Cannes: Amazon acquires Asghar Farhadi’s The Salesman
David Farnor | On 19, May 2016
Amazon has acquired another title at Cannes: Asghar Farhadi’s The Salesman (Forushande).
The film is the latest from the award-winning director, who took home an Oscar for Best Foreign Language film with A Separation. It follows Emad and Rana, who are forced out of their apartment due to dangerous works on a neighboring building. They move into a new flat in the center of Tehran, but an incident linked to the previous tenant will dramatically change the young couple’s life.
The movie is competing for Cannes’ Palme d’Or this week, with Cannes snapping up the US rights before its debut. It marks yet another acquisition for the VOD service, which, under the leadership of indie veterans Ted Hope and Bob Berney (and studio chief Roy Price), is positioning itself as a major player in the art-house scene.

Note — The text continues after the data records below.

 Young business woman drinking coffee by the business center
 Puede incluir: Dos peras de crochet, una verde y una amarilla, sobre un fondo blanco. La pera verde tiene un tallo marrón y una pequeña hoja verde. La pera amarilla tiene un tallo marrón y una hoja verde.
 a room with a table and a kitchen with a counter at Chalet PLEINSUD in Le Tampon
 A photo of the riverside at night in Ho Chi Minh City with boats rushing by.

Amazon Studios will partner with Cohen Media on distributing the film in America, as Amazon continues to emphasise theatrical releases for each of its titles, before putting them online for US Prime Video customers to stream. As Deadline notes, Amazon’s deal marks the first film of Farhadi’s last three not to be distributed by Sony Pictures Classics, which handled both A Separation and the director’s follow-up, The Past, starring Tahar Rahim and Berenice Bejo.

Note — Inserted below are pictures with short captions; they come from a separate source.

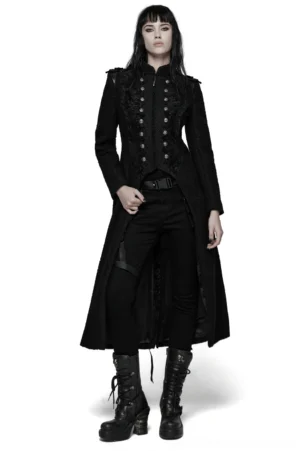 Black gothic double-breasted wool coat front view on model, showing symmetrical pointed lace trim and embossed skull rivets, floor-length fitted silhouette with dramatic A-line hem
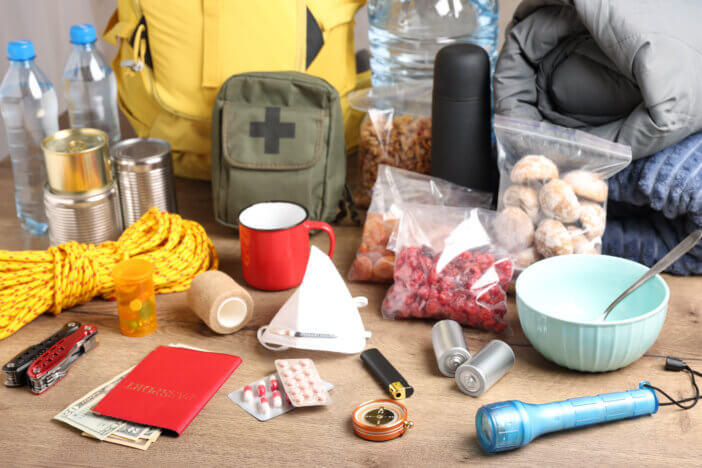Disaster supply kit for earthquake on wooden table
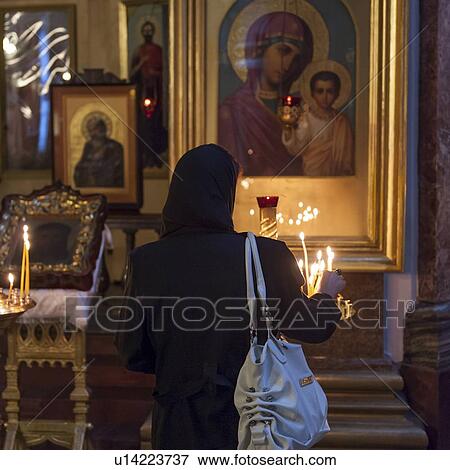 Stock Photo - Rear view of a woman lighting candles in the Cathedral of Our Lady of Kazan, St. Petersburg, Russia. Fotosearch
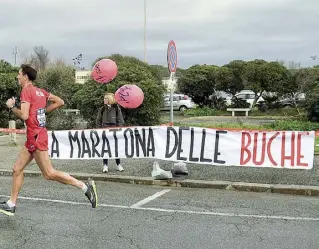  ??  ?? Protesta Lo striscione sulle buche esposto ieri durante la maratona Roma-Ostia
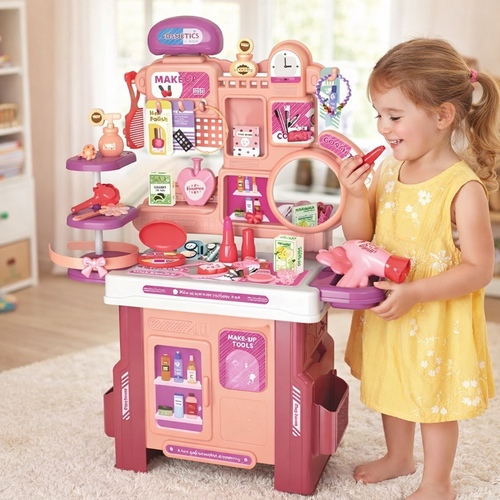 Dressing Table VA282151 - This playset includes a 42-piece beauty and makeup kit designed for children.&nbsp;It features a bright pink and purple design, a mirror, and accessories like a hair dryer.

Indeed, Woody Allen, also a Sony Pictures Classics regular, has become a frequent Amazon collaborator too – his Cafe Society joins Amazon’s bundle of titles all screening at Cannes, including Jim Jarmusch’s Paterson (read our review here), Nicolas Winding Refn’s The Neon Demon and Park Chan-wook’s The Handmaiden (read our review here), and (screening out competition) Jarmusch’s Iggy Pop doc Gimme Danger. In total, The Salesman takes Amazon’s number of titles premiering at Cannes up to six, more than any other studio.